TASK ITEM: The answer should match the entries that follow exactly, except that no image appears in it.
┌──
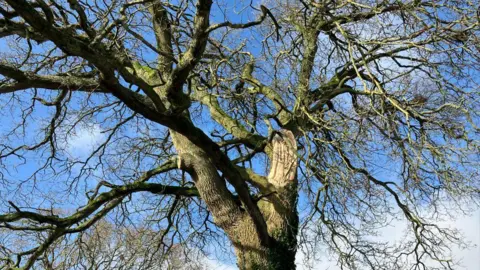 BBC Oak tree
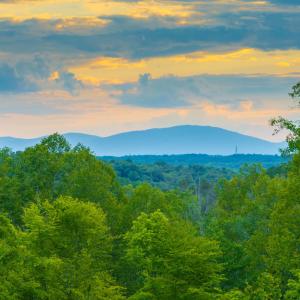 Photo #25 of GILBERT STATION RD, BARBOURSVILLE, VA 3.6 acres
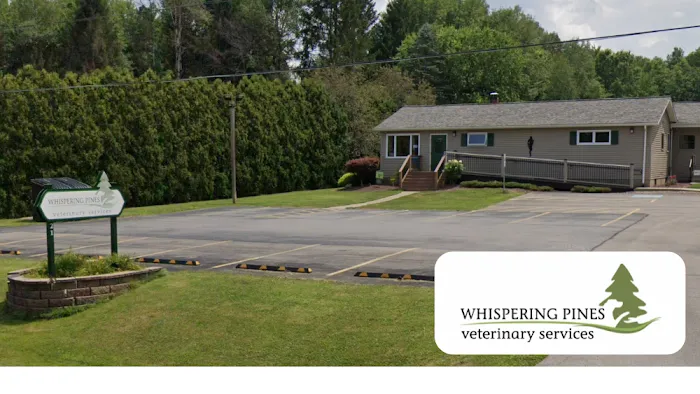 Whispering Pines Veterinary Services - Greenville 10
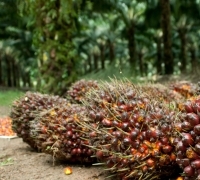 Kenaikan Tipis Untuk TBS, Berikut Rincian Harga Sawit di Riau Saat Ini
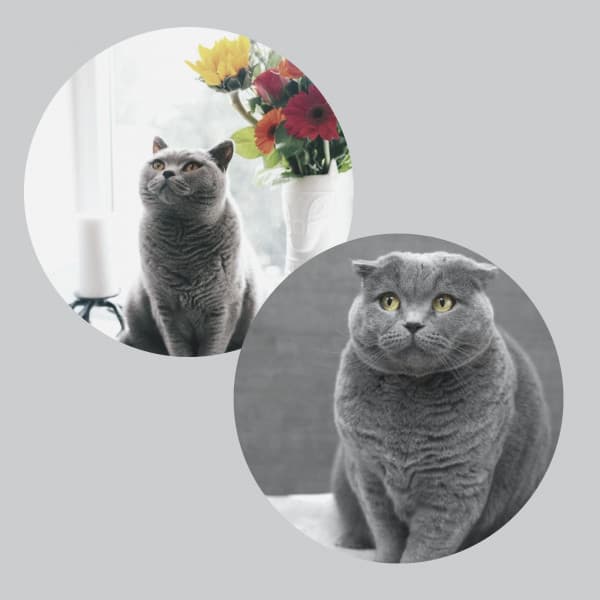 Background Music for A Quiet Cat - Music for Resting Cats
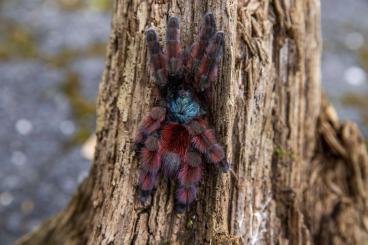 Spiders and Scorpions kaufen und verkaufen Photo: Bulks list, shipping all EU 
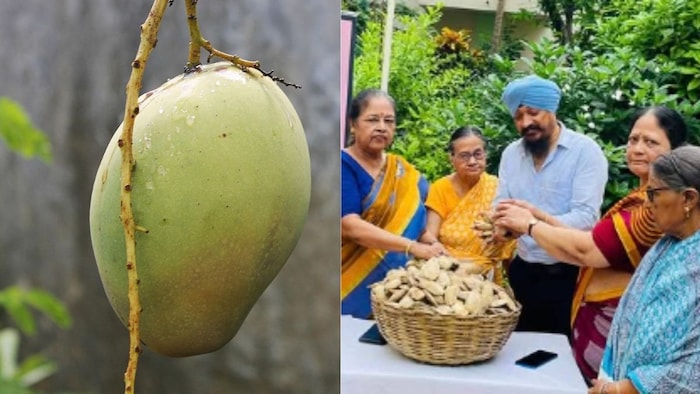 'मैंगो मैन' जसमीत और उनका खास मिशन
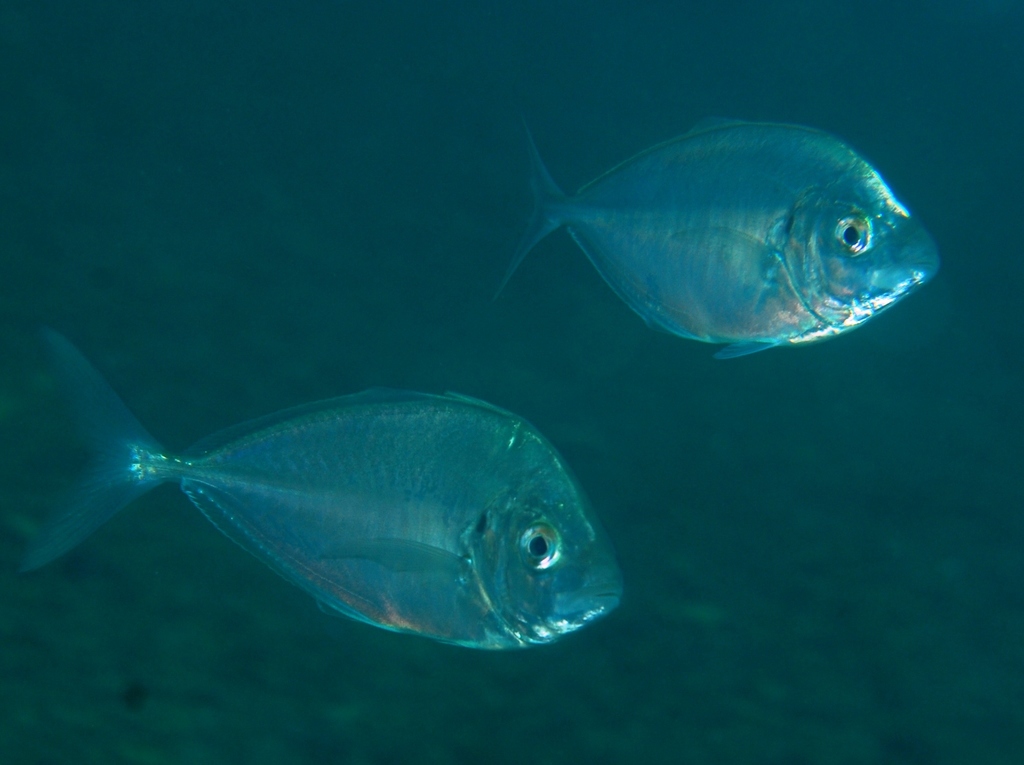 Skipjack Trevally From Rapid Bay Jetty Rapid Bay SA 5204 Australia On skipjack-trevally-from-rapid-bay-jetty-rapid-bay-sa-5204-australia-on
└──
RESULT:
 BBC Oak tree
 Photo #25 of GILBERT STATION RD, BARBOURSVILLE, VA 3.6 acres
 Whispering Pines Veterinary Services - Greenville 10
 Kenaikan Tipis Untuk TBS, Berikut Rincian Harga Sawit di Riau Saat Ini
 Background Music for A Quiet Cat - Music for Resting Cats
 Spiders and Scorpions kaufen und verkaufen Photo: Bulks list, shipping all EU 
 'मैंगो मैन' जसमीत और उनका खास मिशन
 Skipjack Trevally From Rapid Bay Jetty Rapid Bay SA 5204 Australia On skipjack-trevally-from-rapid-bay-jetty-rapid-bay-sa-5204-australia-on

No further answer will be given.